Charter schools are sometimes criticized for skimming off a city's best students and weakening other public schools. Won't the pilot schools, some of which emphasize specialities like the arts or business skills, do the same? ``They're still in the same system, they're still Boston public schools,'' retorts Dr. Harrison-Jones, explaining that the city has nothing to worry about since it won't be losing students, just giving them new opportunities.
The teachers' union has nothing to worry about either, according to Robert Pearlman, director of research for the BTU. Union concerns about charter schools in other areas have focused on a lack of public oversight, he says. But here the school district and the union are partners. The pilot-school plan is written into the union's current contract with the city.
Pilot schools are exempt from most union rules - such as those governing length of work day and work year. (Johnson notes that teachers at the Lyndon School will be asked to report next August, so they'll start right off with a longer work year.) But two rules still apply: Teachers at the pilot schools can't be paid below the union rate for other schools, and they will continue to accrue seniority. Without these provisions, Mr. Pearlman says, nobody would be willing to work in the new schools.
In an extraordinary departure from bureaucratic control, the groups organizing the pilot schools have a free hand in hiring faculty. They can recruit within the city or as far afield as they like.
Students, of course, will come from the city's neighborhoods, and racial balance remains an issue for all Boston public schools. Only about 20 percent of the city's public-school students are white. The Lyndon school will draw from Hispanic and black neighborhoods as well as from the largely white West Roxbury section.
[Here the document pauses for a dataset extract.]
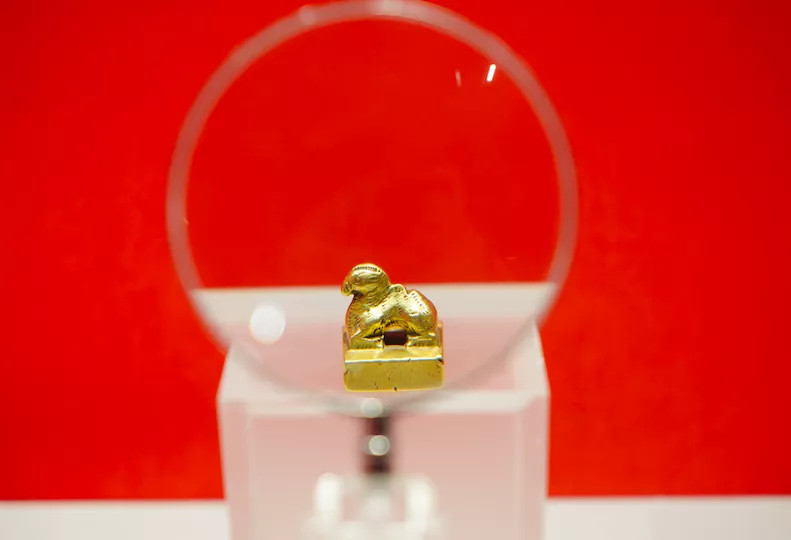 “国家宝藏”重磅文物齐聚一堂,故宫开年大展解锁“何以中国” | 同城展拍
But that ethnic mix, in the past a source of friction , is accepted and by more and more of the city's parents, says Nancy Brown, another founding member of the Lyndon school team.
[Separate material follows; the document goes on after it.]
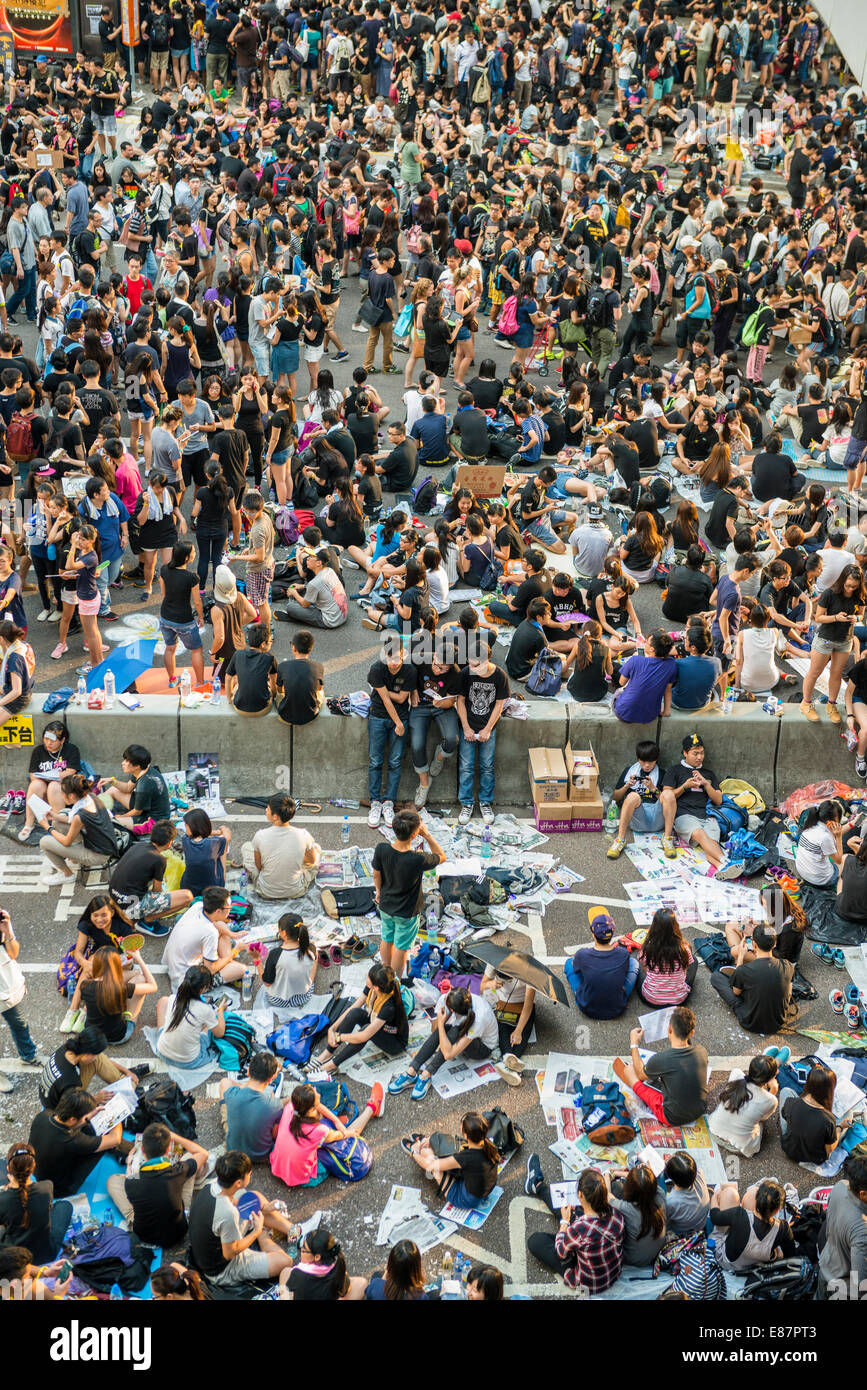 Hong Kong Cina.1 Ottobre, 2014. Gli studenti e gli altri sostenitori della occupare movimento centrale riuniranno intorno gli uffici del governo di area a Tamar. Tutte le strade della zona sono bloccate dal traffico e trasporti pubblici. Credito: Kees Metselaar/Alamy Live News Foto Stock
Sherry Brooks-Roberts, also part of the team, explains that the Lyndon school will have bilingual teachers, but their work will be inseparable from everything else going on at the school - team teaching, for example, with coaching among colleagues.
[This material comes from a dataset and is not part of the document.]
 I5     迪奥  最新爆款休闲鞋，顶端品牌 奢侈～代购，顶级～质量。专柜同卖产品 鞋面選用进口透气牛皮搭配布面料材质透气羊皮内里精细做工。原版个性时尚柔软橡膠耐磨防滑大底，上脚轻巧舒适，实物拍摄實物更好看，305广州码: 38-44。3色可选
``I think a lot of teachers get stuck in a turf mentality - that no one can look at what I'm doing,'' Mrs. Brooks-Roberts says .
In addition, two ``master teachers'' will be on the school's initial nine-member faculty. They will keep an eye on students' progress and confer with all teachers.
Another teacher and team member, Maureen Roach, says a distinctive facet of the Lyndon school will be ``looping,'' which allows teachers to stay with a class for two years. That's a teacher's dream, Mrs. Brown chimes in. ``It makes September a delightful month. You come into the classroom knowing the dynamics of the group, and you know just what they've learned.''
The Lyndon school's first year of operation will include only kindergarten through second grade, Johnson says, but grades will be added each year until the school reaches its K-5 goal.
Next spring, after students have been assigned to the school, parents will get together and elect five members of a governing board, Linn Landraitis explains. She is one of two members of the founding team who is not a teacher but a parent.
The other nonteacher is Maura Hennigan, a Boston City Council member, who campaigned for years to reopen the Lyndon school. The governing board, she says, will also include two community members who are not necessarily parents.
In the years ahead, Boston's pilot school program could expand beyond the original six. (See accompanying article). Harrison-Jones says future union contracts could embrace more pilots and encourages people to work up plans and apply.